* **WORK ITEM**: The line with "Asmuse Pédale d’effets" through the last line of the entries: give these again exactly, and only these, without any pictures.

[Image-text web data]
□ □ □ □

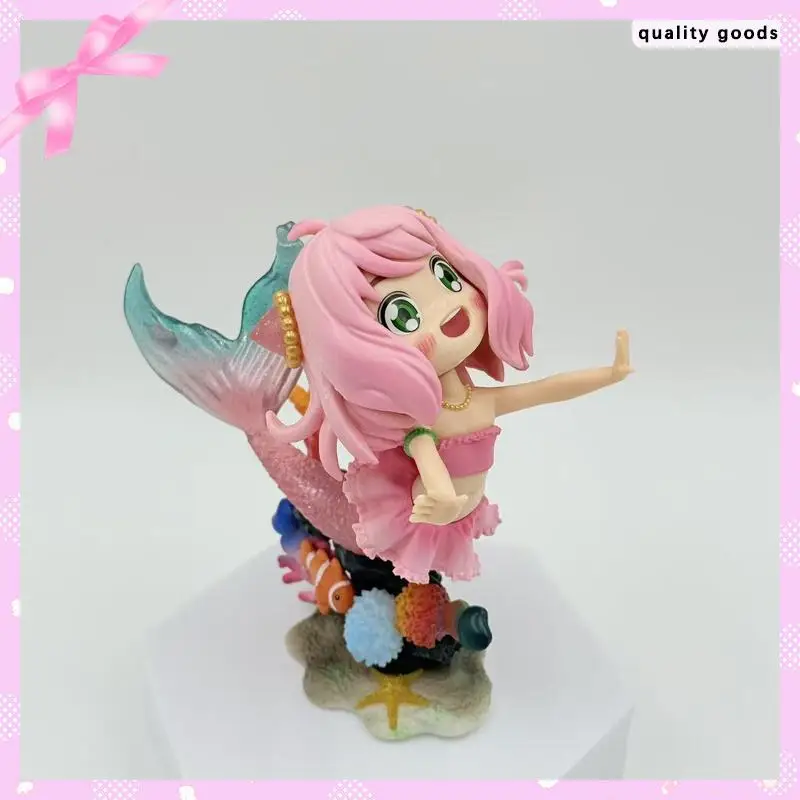 새로운 13cm 스파이 패밀리 애니메이션 피규어 아니야 포저 코스프레 인어 주변 상품 PVC 모델 장식품 선물 장난감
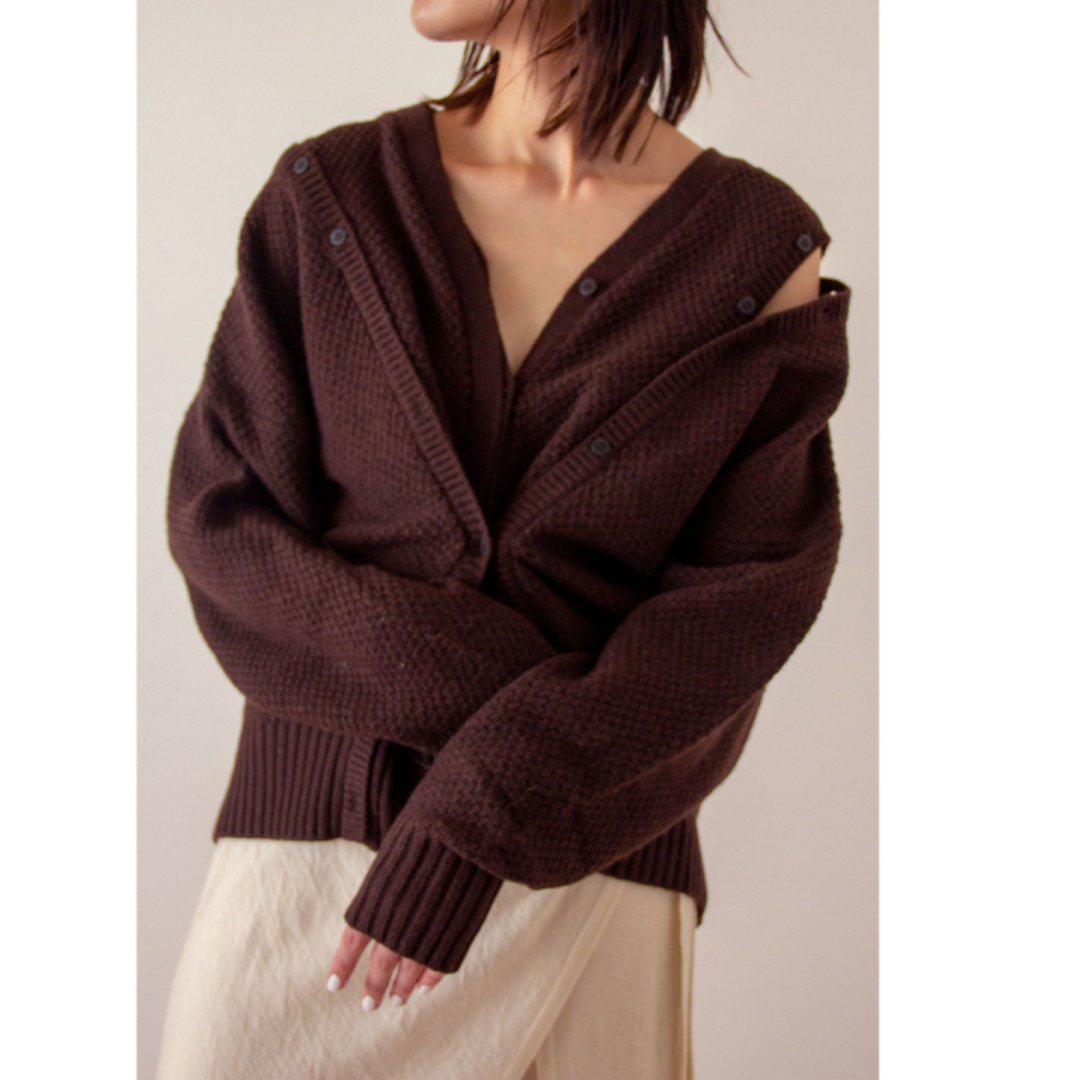 little $uzie(リトルスージー)のlittle suzie Button Layered Cardigan レディースのトップス(カーディガン)の商品写真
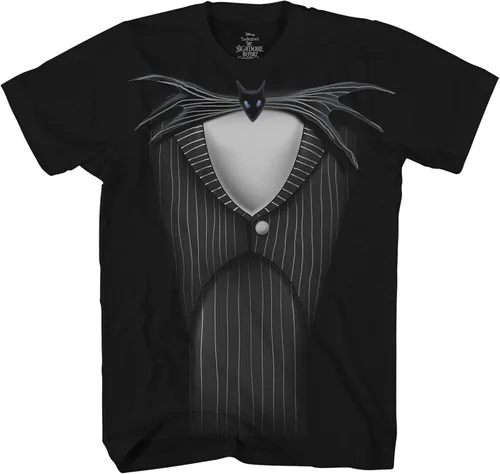 Vista 5 de Disney Nightmare Before Christmas Jack Skellington - Camiseta para disfraz Negro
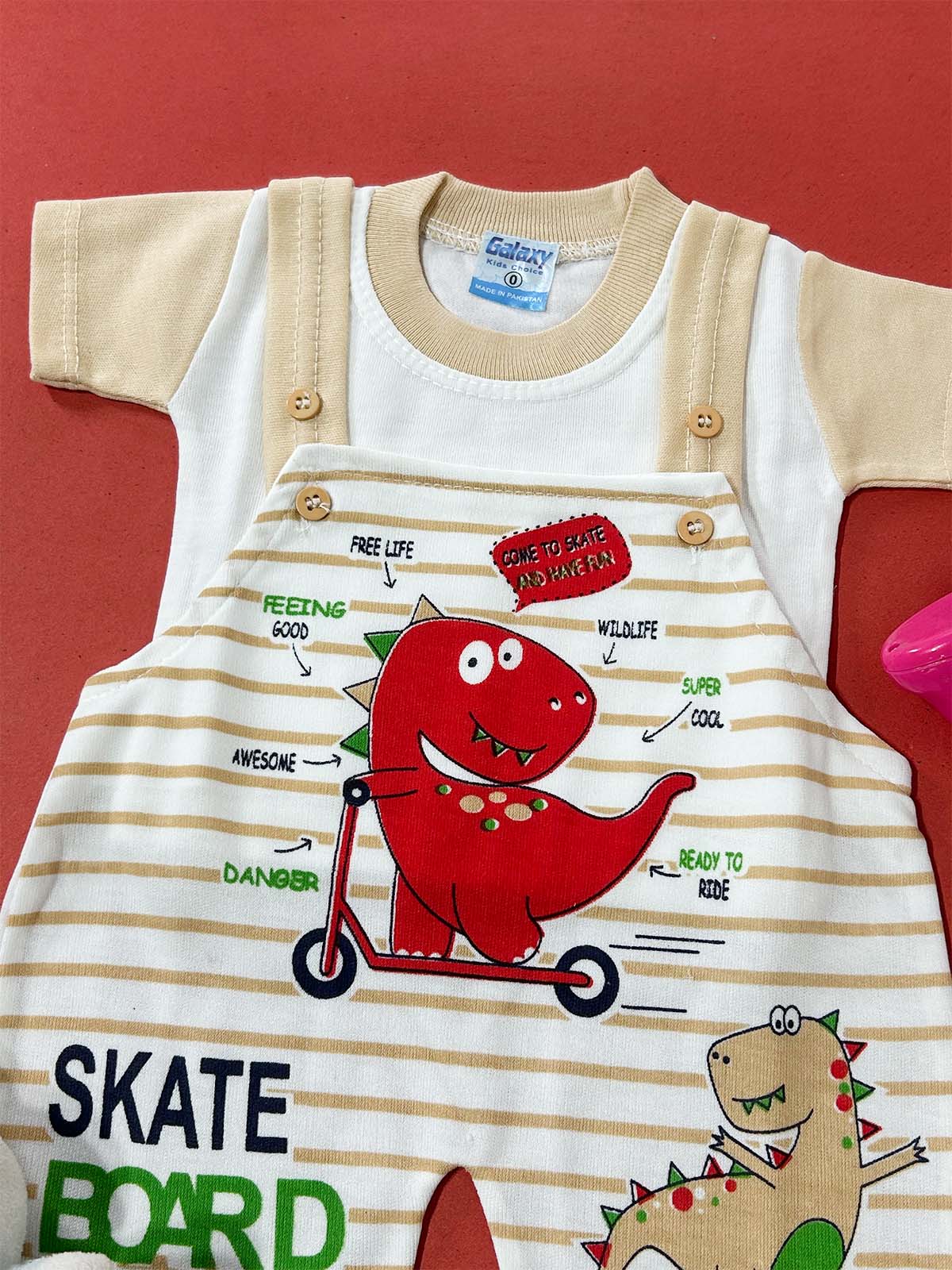 0Mth - 3Mth Brown Romper For Newborn HG NBR123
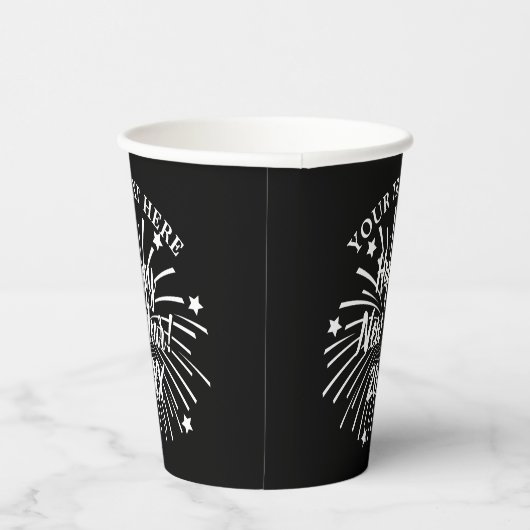 Happy New Year's Eve 2023 custom paper party cups Pappbecher (Rechts)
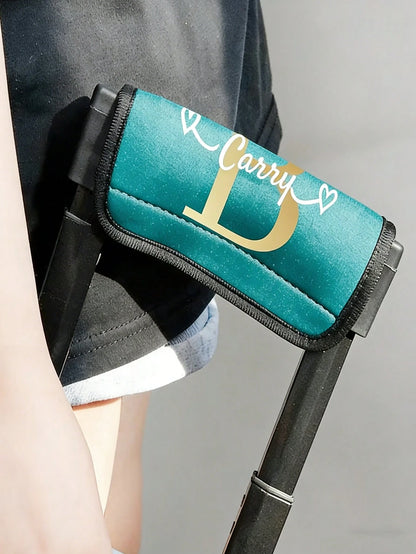 1pc Custom Name Luggage Handle Wrap, Personalized Suitcase Handle Wraps With Embroidery Text, Personalized Luggage Handle Wraps For Suitcas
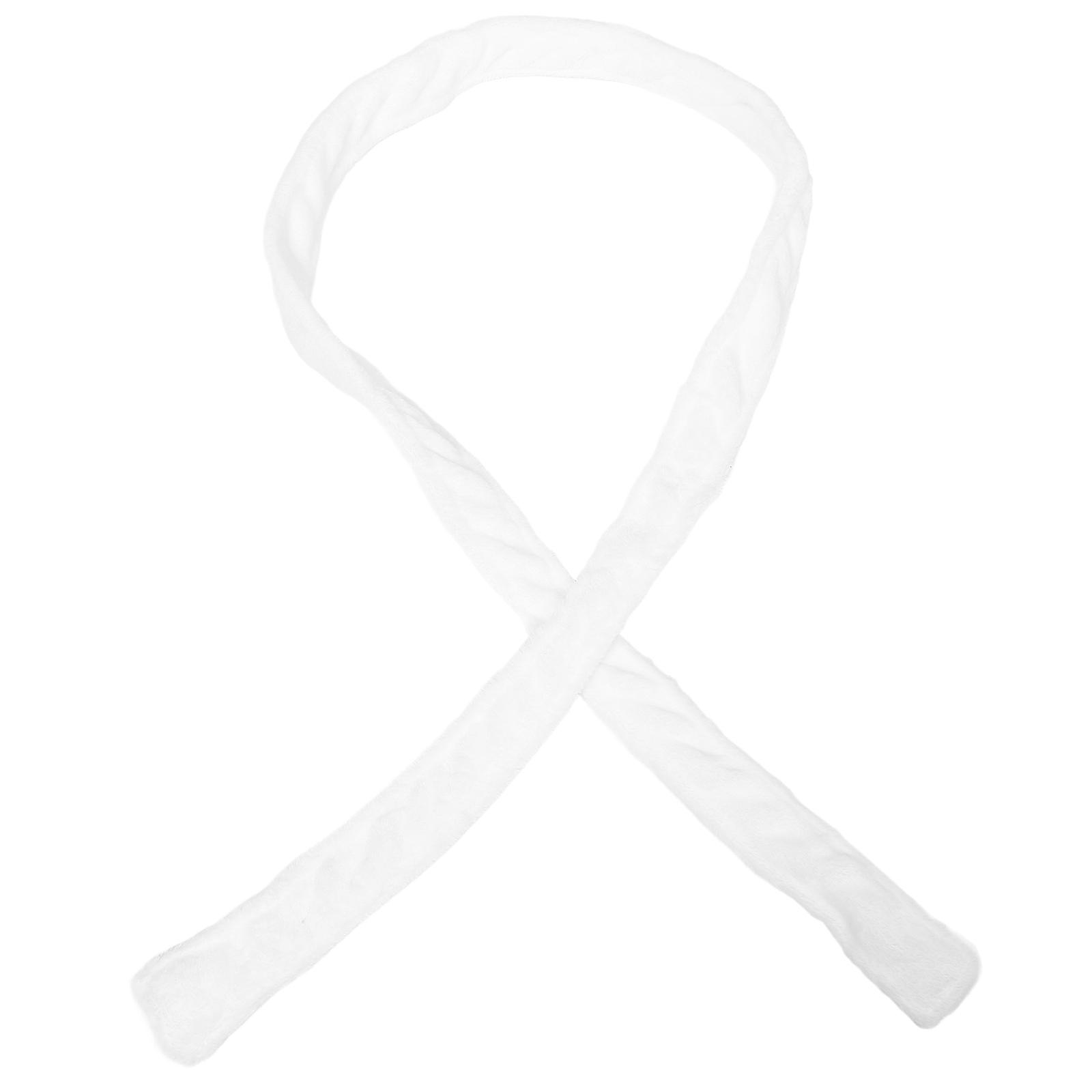 Hotel Quality Bathrobe Belt Made from Soft Cloth White Color Adjustable for Shower Use One Size Fits All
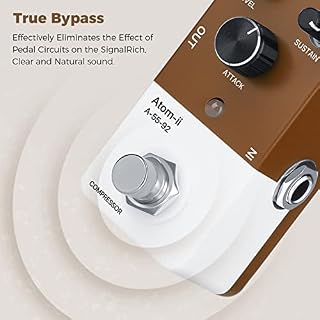 Asmuse Pédale d’effets de guitare à compression, circuit analogique pur, mini pédale de sustain de compression pour… - Les Beatles, Paul McCartney, John Lennon, RIngo Starr, George Harrison Asmuse Pédale d'effets de guitare à compression, circuit analogique pur, mini pédale de sustain de compression pour… – Image 4
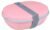 Mepal Ellipse Duo Lunchbox, nordic pink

□ □ □ □

* **SOLUTION TO THE PROBLEM**:
 Asmuse Pédale d’effets de guitare à compression, circuit analogique pur, mini pédale de sustain de compression pour… - Les Beatles, Paul McCartney, John Lennon, RIngo Starr, George Harrison Asmuse Pédale d'effets de guitare à compression, circuit analogique pur, mini pédale de sustain de compression pour… – Image 4
 Mepal Ellipse Duo Lunchbox, nordic pink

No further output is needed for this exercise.